On or about September 5, 1969, Cargo filed a revised application under § 212(b) of the Act “identical in content to the first application, except additional financial information as to the transferee was included in the second application,” to wit, the proposed transferor (OFF) was, in lieu of debt securities, to receive preferred stock of the transferee. On October 31, 1969, the Commission (by its Motor Carrier Board) approved and authorized the transaction.

On December 3, 1969, one Ace Doran Hauling & Rigging Co., as an interested party, filed a petition for reconsideration of the Board’s order. Cargo filed a response thereto, and on February 19, 1970, the Commission (by Division 3 acting as an Appellate Division) granted Doran’s petition for reconsideration. That order, in pertinent part, is as follows:

«* * * That the proposed division of rights would be contrary to the provisions of section 1132.5(a) (1) * * * (49 C.F.R. 1132) for the reason that the proposed division of rights would create duplicating rights as defined in section 1132.1(c) of said rules; and would be contrary to section 1132.1 [sic] (a) (2) of said Rules, for the reason that the proposed division of the operating rights granted in * * * would constitute a minute and multiple division of operating rights so that numerous carriers might ultimately operate under rights initially granted as a unit.”

Cargo then proceeded to file a petition for reconsideration of the February 19, 1970 order, which petition was denied by the Commission on May 4, 1970. In that denial the Commission made the following statement:

“* * * That the petition presents no facts or arguments not previously considered or which would warrant a conclusion that the proposed transfer is in conformity with Sections 1132.5(a) (1), 1132.1(c) and 1132.1 [sic] (a) (2); of the Rules * * * 49 C.F.R. 1132; that proposed amendments and restrictions to the operating rights have not been shown to be in the public interest.” Section 212(b) of the Act reads as

follows:

“Except as provided in section 5 of this title, any certificate or permit may be transferred, pursuant to such rules and regulations as the Commission may prescribe.” (See 49 C.F.R. 1132.)

In enacting § 212(b) Congress intended to exempt small carriers from the stringent procedural requirements of § 5 of the Act, thereby expediting such transfers.
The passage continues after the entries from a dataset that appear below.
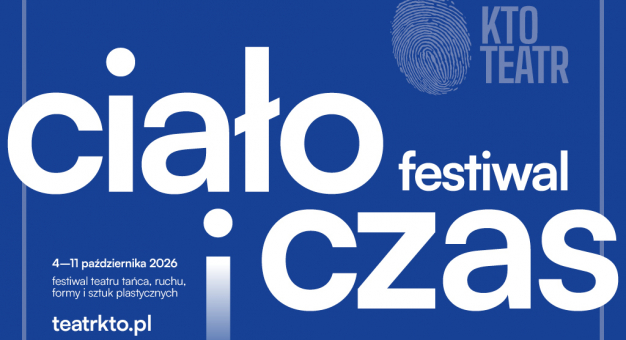 Taniec, ruch i forma już po raz trzeci zawładną Krakowem!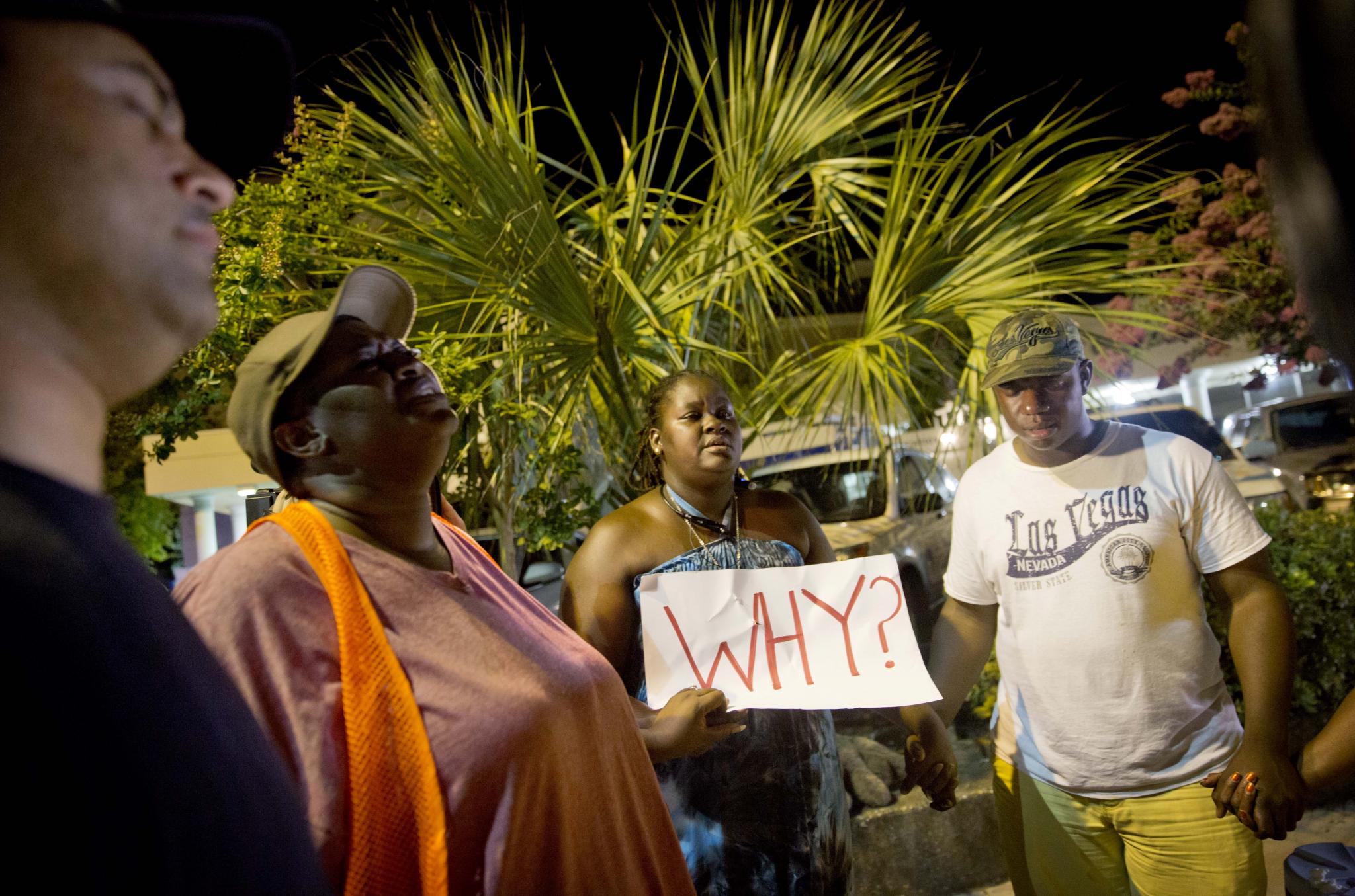 What Was Your First Reaction to the Charleston Church Shooting?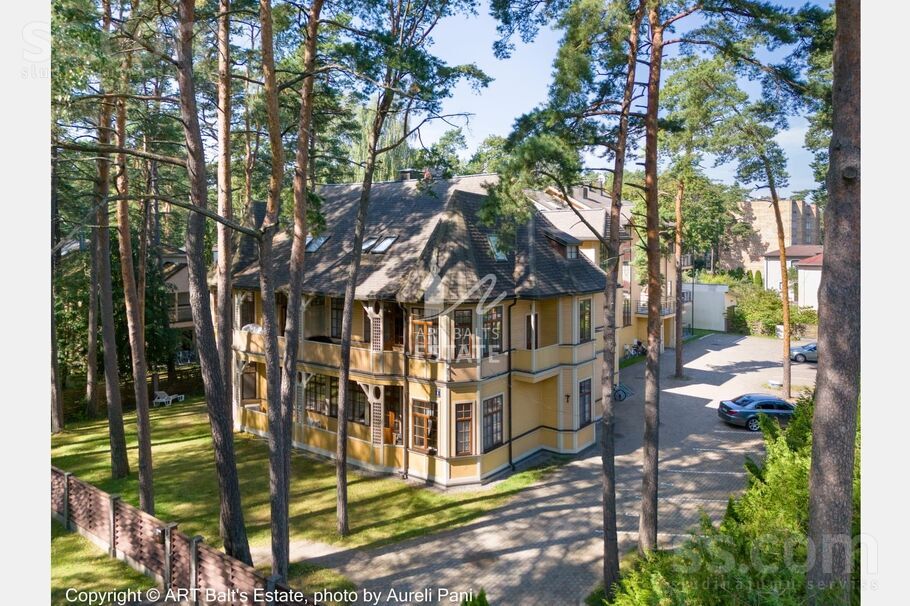R. Pulka 5, Jūrmala — dzivoklis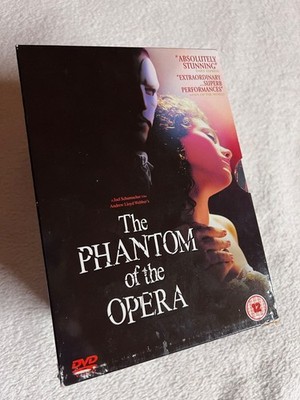 The Phantom of the Opera (2-DVDs) | DVD 176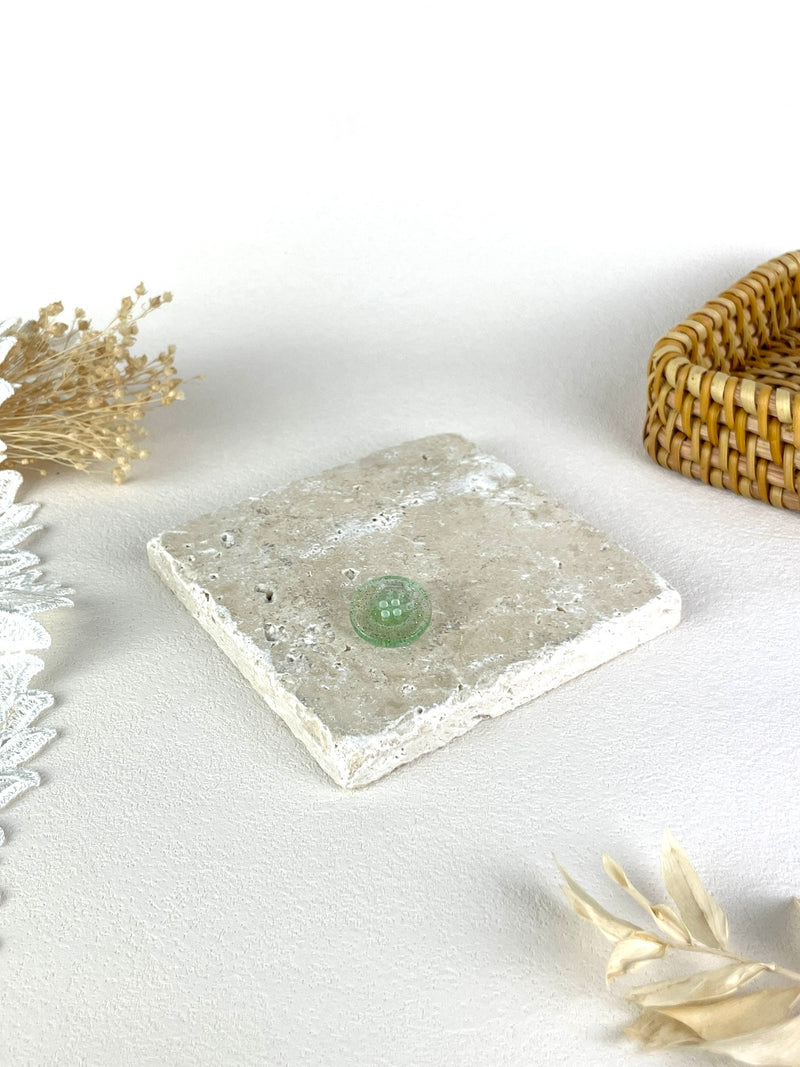 Bouton 18 - Paillettes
Bradley v. United States, 322 F.Supp. 369, 371-372 (D.Alaska 1971); Chemical Leaman Tank Lines, Inc. v. United States, 251 F.Supp. 269, 272-273 (E.D.Pa.1965); Stearn v. United States, 87 F.Supp. 596, 601 (W.D.Va.1949). Obviously, therefore, the transfer rules [580]*580(49 C.F.R. 1132) should not be more restrictively applied than the criteria used by the Commission in comparable § 5 proceedings. Steam, supra, 601-602. Section 212(b) proceedings can be ex parte, without a formal hearing. A. L. Root Transportation, Inc. v. United States, 280 F.Supp. 152, 155-156 (D.Vt. 1968); Leaman, supra; Monumental Motor Tours, Inc. v. United States, 316 F.Supp. 663, 666-667 (D.Md.1970); Bradley, supra.

A district court may only set aside orders of the Commission if they are not supported by substantial evidence ; are arbitrary or capricious (without rational basis); an abuse of discretion (e. g. petitions for reconsideration) ; in excess of statutory jurisdiction; or contrary to the Constitution. United States v. Pierce Auto Freight Lines, 327 U.S. 515, 533-536, 66 S.Ct. 687, 90 L.Ed. 821 (1946); Lake Shore Motor Freight Company v. United States, 310 F.Supp. 957, 959-960 (N.D. Ohio, E.D.1970 [1968 sic]); Dixie Ohio Express, Inc. v. United States, 263 F. Supp. 993, 999 (N.D.Ohio, E.D.1966) ; 5 U.S.C. § 706. The Commission will be presumed to have properly performed its duties and due deference will be paid to its expertise. Boston and Maine Railroad v. United States, 208 F.Supp. 661, 670 (Mass.1962), aff’d 371 U.S. 26, 83 S.Ct. 117, 9 L.Ed.2d 95; Eastern Central Motor Carriers Ass’n v. United States (per curiam), 239 F.Supp. 591, 594 (D.D.C.1965); Campbell Sixty-Six Express, Inc. v. United States, 258 F.Supp. 529, 532-533 (W.D.Mo.1966). Any petition for reconsideration is addressed to the sound discretion of the Commission, the exercise of which, absent abuse, will not be disturbed. Interstate Commerce Commission v. Jersey City, 322 U.S. 503, 514-519, 64 S.Ct. 1129, 88 L.Ed.